Ce matin-là, des représentants de la société STN étaient présents pour distribuer des propositions de négociations. Accueillis sous les chants “STN Voleurs”, ces derniers ont refusé de répondre à nos questions. “La société va émettre un communiqué officiel d’ici peu. Nous ne ferons pas d’autres commentaires”, ont-ils répondu à nos demandes. Mais nous avons pu nous procurer les propositions apportées par STN : augmentation de la prime repas proposée ou reclassement de la qualification des employées, mise en place d'une badgeuse électronique pour décompter le temps de travail, suppression d'un abattement sur le salaire en échange d'abandons de poursuite aux prud'hommes.
 

Appel au soutien

Ndiaye est une des grévistes. Elle travaille dans cet hôtel depuis 10 ans. Les actions d'autres groupes de femmes de ménage, notamment celui de l'hôtel Park Hayat l'ont poussée à maintenir la grève. "Ce sont aussi des employées STN. Ça nous motive de voir que certains mouvements ont abouti. On sait que ça peut durer longtemps, et on est déterminées", explique-t-elle. Elle révèle aussi que le conflit avec leur employeur remonte à une affaire de viol sur une de leur collègue, il y a deux ans. "Une de nos collègues a été violée, ici, par quelqu'un de l'hôtel. L'affaire est toujours en cours. La société ne l'a pas du tout soutenue et elle s'est retrouvée vraiment isolée. Ils l'ont complètement abandonnée. Elle est en arrêt depuis."
 

grévistes IBIS
Les grévistes n'ont pas été reçues par la direction de l'hôtel Ibis. 
© Nadia Bouchenni

Les grévistes n'ont pas été non plus reçues par la direction de l'hôtel ou du groupe Ibis. Rachel se confie : "on n'a vu personne de l'hôtel. Ils nous voient tous les jours, mais il n'y a aucune discussion avec eux. Peut-être sont-ils complices avec STN ? Je ne sais pas." Contactés par téléphone, la direction du groupe Ibis n'a pas donné suite à nos demandes d'interviews.

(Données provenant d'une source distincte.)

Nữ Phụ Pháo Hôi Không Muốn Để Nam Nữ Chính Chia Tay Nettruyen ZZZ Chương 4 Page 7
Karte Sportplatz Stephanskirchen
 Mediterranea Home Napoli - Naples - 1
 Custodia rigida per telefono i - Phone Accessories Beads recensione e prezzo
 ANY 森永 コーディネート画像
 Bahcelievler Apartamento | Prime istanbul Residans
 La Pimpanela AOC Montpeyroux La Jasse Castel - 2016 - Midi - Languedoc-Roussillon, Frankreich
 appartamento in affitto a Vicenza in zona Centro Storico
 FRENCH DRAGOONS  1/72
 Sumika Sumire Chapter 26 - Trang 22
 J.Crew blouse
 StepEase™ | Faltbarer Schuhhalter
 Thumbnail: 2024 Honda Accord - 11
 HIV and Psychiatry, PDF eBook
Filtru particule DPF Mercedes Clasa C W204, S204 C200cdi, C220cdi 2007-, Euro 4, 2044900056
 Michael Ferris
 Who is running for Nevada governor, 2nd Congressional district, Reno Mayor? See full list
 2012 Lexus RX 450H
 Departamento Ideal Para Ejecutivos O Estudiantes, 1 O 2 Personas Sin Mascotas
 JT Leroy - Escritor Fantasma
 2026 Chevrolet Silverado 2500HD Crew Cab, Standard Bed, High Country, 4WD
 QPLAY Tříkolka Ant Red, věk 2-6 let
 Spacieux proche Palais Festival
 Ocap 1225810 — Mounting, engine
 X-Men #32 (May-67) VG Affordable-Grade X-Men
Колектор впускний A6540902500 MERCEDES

"Se battre pour nos droits, c’est ce qu’il y a de plus important pour nous. Ça donne aussi un vrai exemple pour nos enfants."
Rachel, gouvernante

Les grévistes de l'Ibis Batignolles espèrent un soutien massif et une participation importante à une grande journée de manifestation le 17 août prochain. Ndiaye nous confie que des travailleurs sans-papiers vont se joindre à elles, ainsi que d'autres collectifs de travailleurs. "Nous appelons à tous les travailleurs qui se considèrent exploités à nous rejoindre le 17 aôut. Il faut que nous apprenions tous et toutes à défendre nos droits ", affirme-t-elle. Rachel surenchérit alors : "Se battre pour nos droits, c’est ce qu’il y a de plus important pour nous. Ça donne aussi un vrai exemple pour nos enfants."